Broker
- An Apache Kafka Cluster is composed of multiple Brokers (servers)
- A Broker receives and sends data
- Each broker is identified with Its ID (integer)
- Each broker contains certain Topic Partitions
- After connecting to any Broker (called a bootstrap Broker), you will be connected to the entire Cluster
- A good starting point is 3 Brokers, but big clusters can be 100+
- Brokers enable Horizontal Scaling
- Broker Discovery is accomplished by calling a Bootstrap Server

References
Flashcards
A Broker:: Receives and sends data
A Broker is identified with:: It's ID (integer)
A Broker contains:: certain Topic Partitions
What Brokers are bootstrap brokers?:: All of them
A Bootstrap broker is responsible for:: connecting a consumer or producer to the rest of the Cluster
A good starting point for Broker count is:: 3
Brokers enable Horizontal Scaling
Bootstrap servers enable:: Broker Discovery
You have a Kafka cluster and all the topics have a replication factor of 3. One intern at your company stopped a broker, and accidentally deleted all the data of that broker on the disk. What will happen if the broker is restarted?:: The broker will start, and won't be online until all the data it needs to have is replicated from other leaders
If I produce to a topic that does not exist, and the broker setting auto.create.topic.enable=true, what will happen?:: Kafka will automatically create the topic with the broker settings num.partitions and default.replication.factor
How do Kafka brokers ensure great performance between the producers and consumers? (select two)
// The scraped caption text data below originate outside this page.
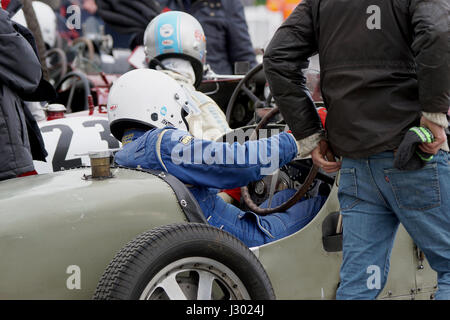 1925 Bugatti Typ 35 b von Chris Hudson auf dem 75. Goodwood Mitglieder treffen Stockfoto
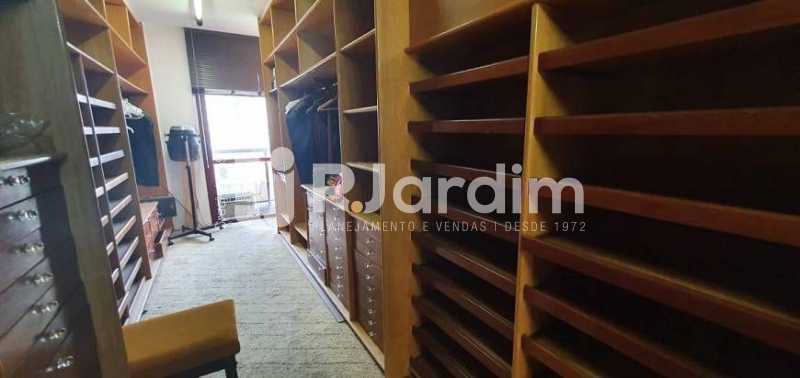 Cobertura para alugar com 4 quartos, 850m² - Foto 17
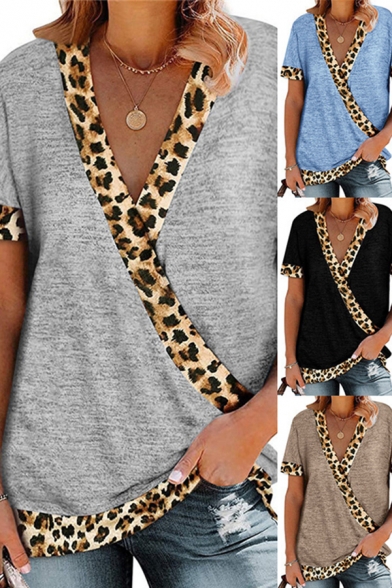 Fashionable Tee Top Leopard Pattern Short Sleeve Surplice Neck Relaxed Fitted T Shirt for Women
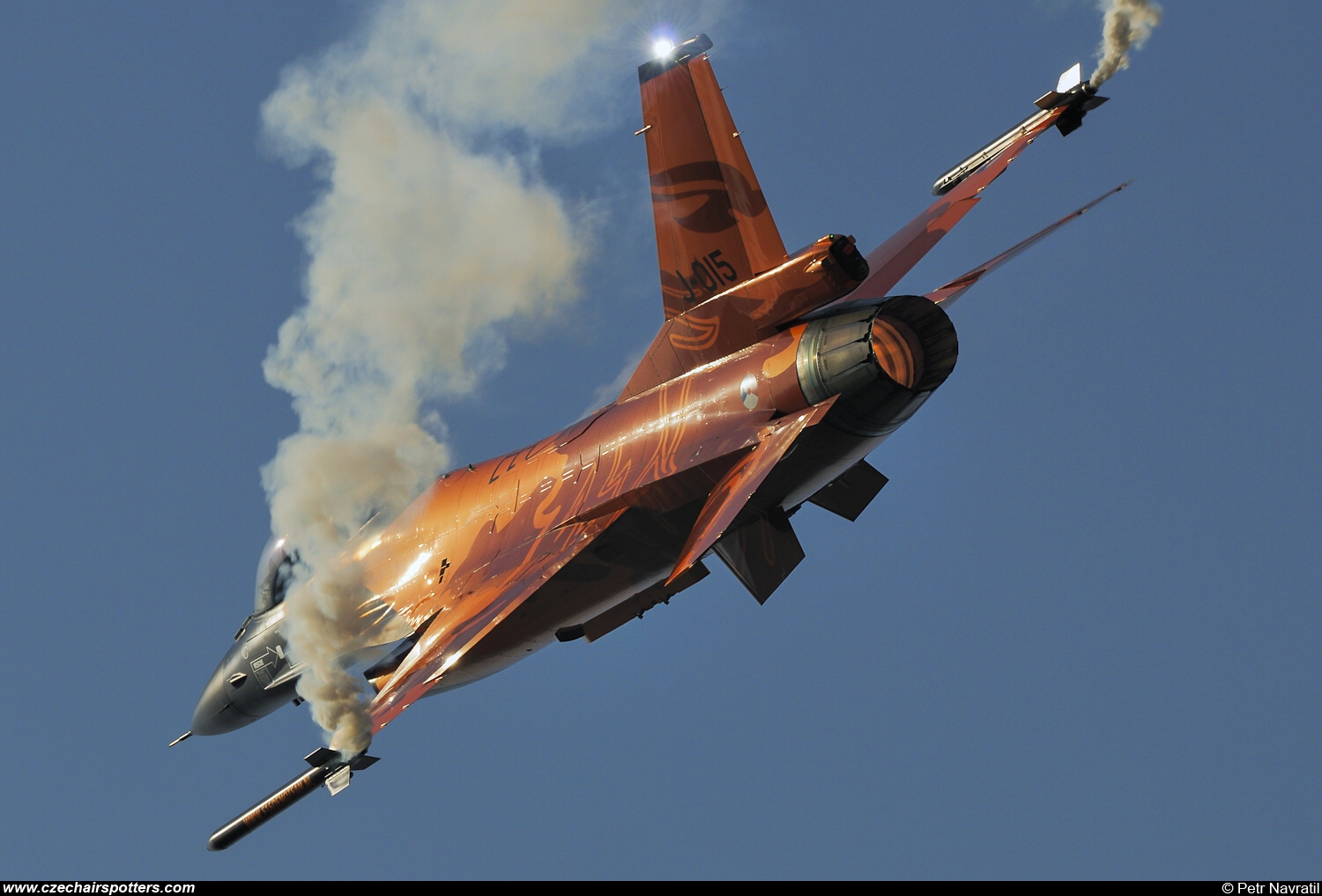 Netherlands - Air Force – Fokker F-16AM Fighting Falcon J-015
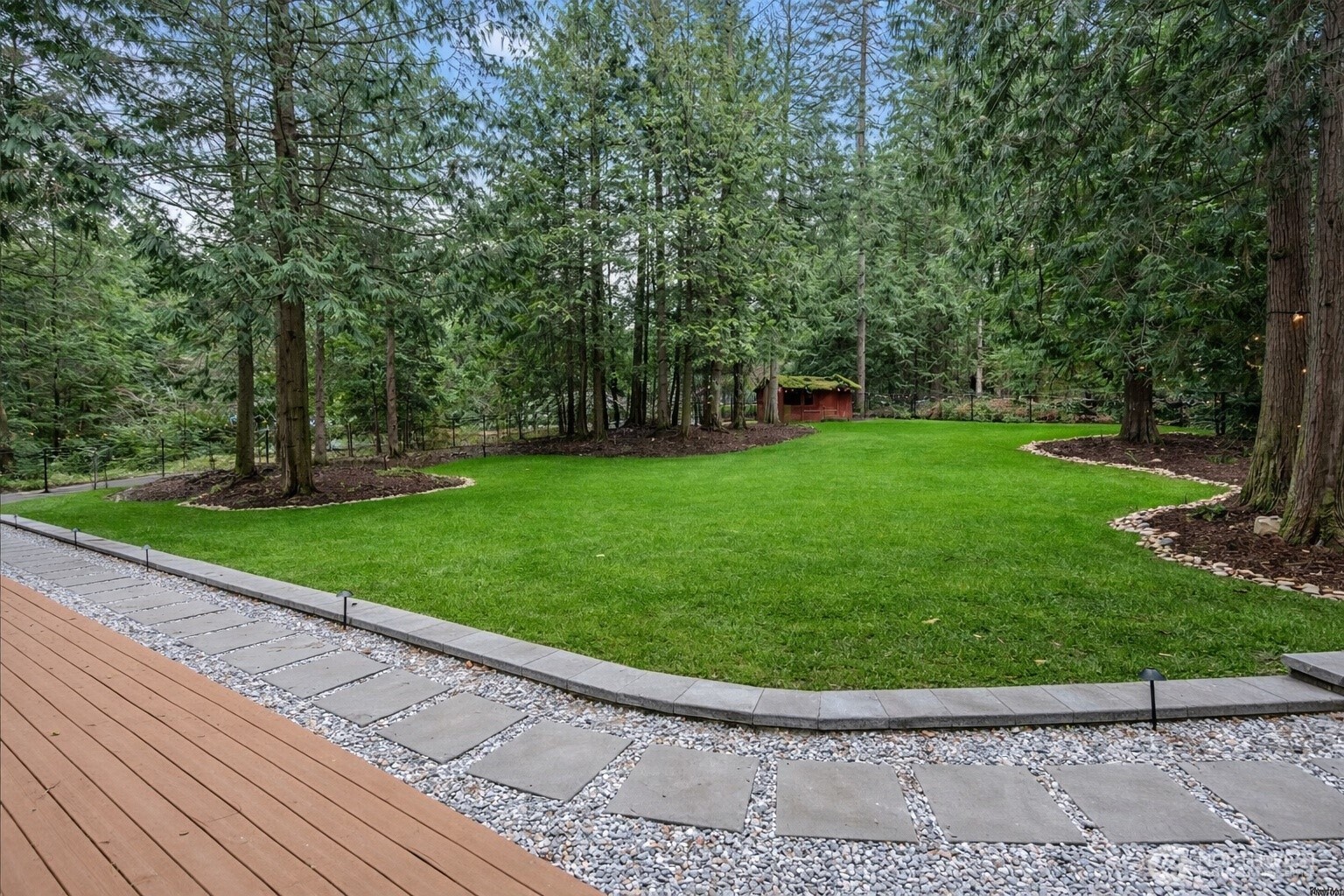Issaquah, Washington, 98027, United States, 5 Bedrooms Bedrooms, ,3 BathroomsBathrooms,Residential,Active,2028801
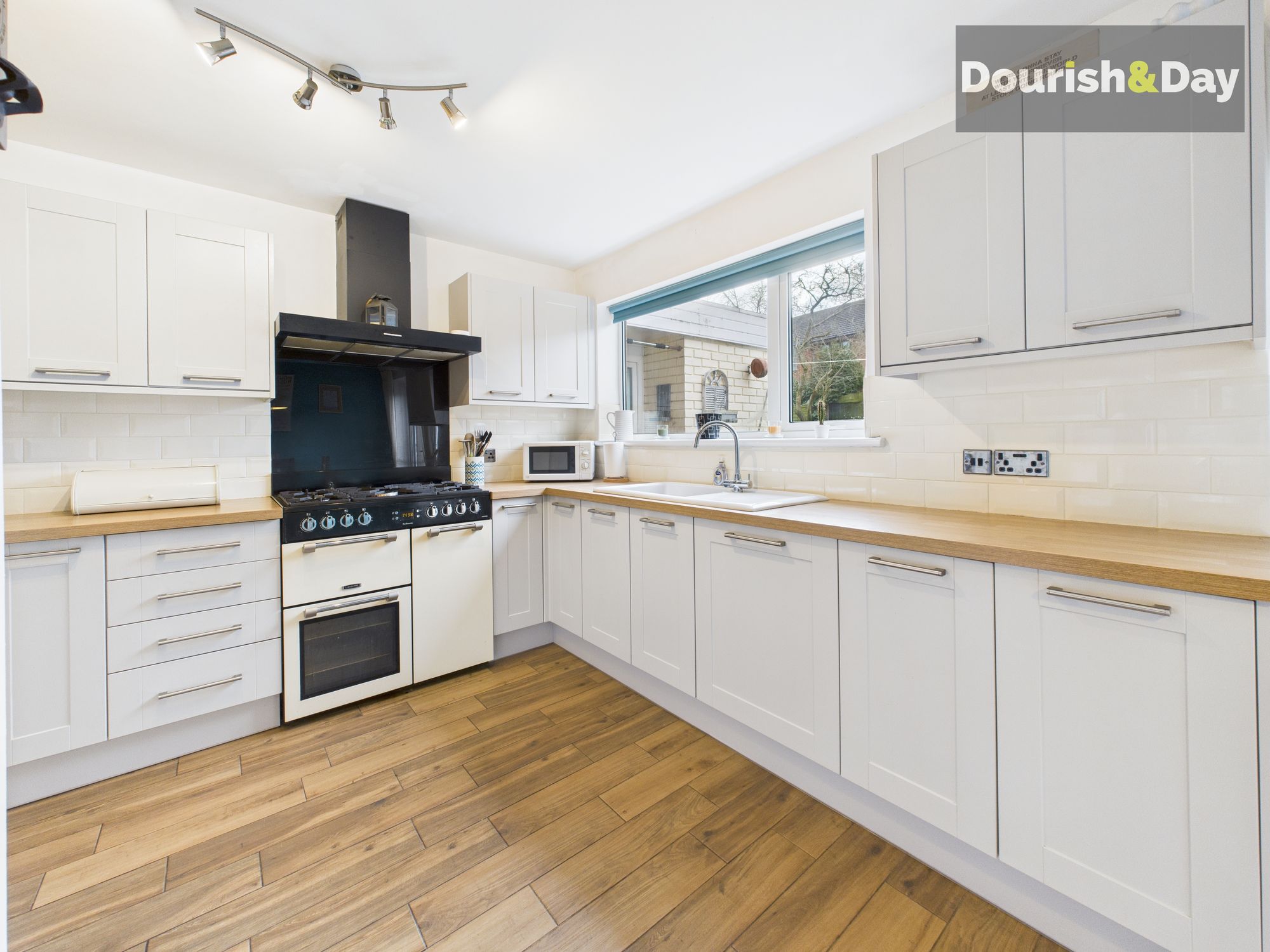 4 bed detached house for sale in Chestnut Close, Derrington, ST18  - Property Image 3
- It leverages zero-copy optimisations to send data straight from the page-cache
- It compresses the messages as it writes to the disk
- It transforms the messages into a binary format
- It buffers the messages on disk, and sends messages from the disk reads
- It does not transform the messages
? - It leverages zero-copy optimisations to send data straight from the page-cache
- It does not transform the messages
A bank uses a Kafka cluster for credit card payments. What should be the value of the property unclean.leader.election.enable?:: FALSE, Setting unclean.leader.election.enable to true means we allow out-of-sync replicas to become leaders, we will lose messages when this occurs, effectively losing credit card payments and making our customers very angry.
There are 3 producers writing to a topic with 5 partitions. There are 5 consumers consuming from the topic. How many Controllers will be present in the cluster?:: There is only one controller in a cluster at all times.
Which actions are undertaken by the controller in case it detects the failure of a broker (which was leader for some partitions)? (Pick three)
- Controller waits for a new leader to be nominated by ZooKeeper
- Controller selects a new leader and updates the ISR list
- Controller persists the new leader and ISR list to ZooKeeper
- Controller sends the new leader and ISR list changes to all brokers
? - Controller selects a new leader and updates the ISR list
- Controller persists the new leader and ISR list to ZooKeeper
- Controller sends the new leader and ISR list changes to all brokers
T/F Once sent to a topic, a message can be modified:: false, Kafka logs are append-only and the data is immutable
Kafka is configured with following parameters - log.retention.hours = 168 log.retention.minutes = 168 log.retention.ms = 168 How long will the messages be retained for?:: 168 ms If more than one similar config is specified, the smaller unit size will take precedence.
How often is log compaction evaluated?:: Log compaction is evaluated every time a segment is closed. It will be triggered if enough data is "dirty" (see dirty ratio config)
A producer application was sending messages to a partition with a replication factor of 2 by connecting to Broker 1 that was hosting partition leader. If the Broker 1 goes down, what will happen?:: The producer will automatically produce to the broker that has been elected leader. Once the client connects to any broker, it is connected to the entire cluster and in case of leadership changes, the clients automatically do a Metadata Request to an available broker to find out who is the new leader for the topic. Hence the producer will automatically keep on producing to the correct Kafka Broker
The Controller is a broker that is... (select two)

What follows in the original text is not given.